Wenn nun du deinen Bruder dadurch verletzt oder dazu bringst, dass dies sein geistliches Leben negativ beeinflusst, dann handelst du absolut falsch.
Da kommen bei mir gleich 2 Fragen auf. Die eine ist theologischer Natur:
„Kann ein Christ den verderben, also verloren gehen?“ Darauf werde ich in einem späteren Beitrag meine Meinung etwas genauer schildern. Aber um es kurz zu fassen: Ich sehe es weder hier noch aufgrund des ganzen Kontextes des Römerbriefes als möglich, das die Bibel davon spricht, das ein Christ sein Heil verlieren, oder ein Christ ein Nichtchrist werden kann. Für mich ist die reformatorische Definition von der Heilssicherheit so:
Ein Christ wird in erster Linie durch Gottes Gnade und auch durch sein Beharren im Glauben bleiben und das Heil erlangen.

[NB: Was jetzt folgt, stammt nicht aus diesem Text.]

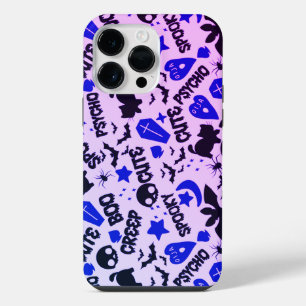 Funda Para iPhone 14 Pro Max Halloween morado, azul y negro lindo y divertido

Hier in dem Vers jedoch, geh ich mit Schnabels Meinung mit, der sagt das Paulus eher das subjektive Empfinden des schwachen Bruders meint, der sich selbst verdammt, wenn er diese Dinge tut.
Daher ist meine zweite Frage: „Sollen wir nun als starke alles weglassen, was den schwachen Bruder provoziert oder schwach machen könnte?“ Wär es nicht eine hinterrücks erzeugte Möglichkeit, Regeln zu etablieren? Indem das Verhalten und Denken des Schwachen die Gemeindekultur dominiert? Dazu habe ich die Predigt von R.C.Sproul übersetzten lassen mit dem Titel: „Die Tyrannei des schwachen Bruders“ (im Original ist es hier zu finden: (https://www.youtube.com/watch?v=_hX-ifma5-k)

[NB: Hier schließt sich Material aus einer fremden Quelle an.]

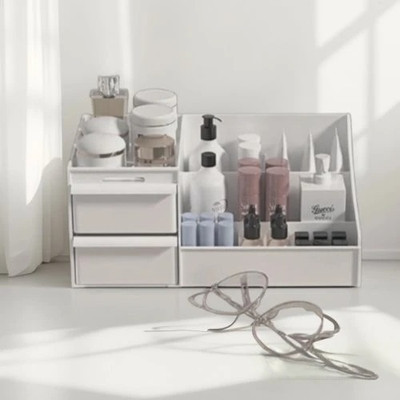 Charmpeak 7 Compartments Drawer Organizer Box for Beauty & Stationery Storage Drawer organizer box(White)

Und da fasst er es im letzten Teil zusammen (ab Minute 51:41) :
In dem Moment, in dem der schwächere Bruder versuchte, seine persönlichen Skrupel als Gesetz der Kirche durchzusetzen, war das Evangelium selbst bedroht. An diesem Punkt kämpfte Paulus mit aller Kraft gegen die Tyrannei des schwächeren Bruders, anstatt seine eigene christliche Freiheit zu verleugnen. Sobald jemand versucht, auf der Grundlage seines eigenen Gewissens seine Skrupel als für die ganze Kirche verbindliche Regel durchzusetzen, muss ihm Widerstand geleistet werden. Es darf nicht zugelassen werden, dass sie Gesetze aufstellen, wo Gott uns die Freiheit gelassen hat.
Das Verständnis dieser Grundsätze ist intellektuell nicht schwierig. Ihre Anwendung in realen Situationen erfordert jedoch die Weisheit Salomos – und noch viel mehr. Wir sind aufgerufen, das Wort Gottes und die Liebe Christi, die in unseren Herzen ausgegossen ist, anzuwenden, nicht nur, um an unserer eigenen Freiheit festzuhalten, sondern auch, um das Evangelium zu schützen und dabei geduldig und freundlich mit denen umzugehen, die noch jung im Glauben oder in ihrem Verständnis eingeschränkt sind. Gleichzeitig dürfen wir nicht zulassen, dass andere falsche Vorstellungen vom Christentum bekommen
Es kann schwer sein, aber wenn der Wille der Gemeinde und vor allem der Pastoren da ist, kann und wird es gelingen.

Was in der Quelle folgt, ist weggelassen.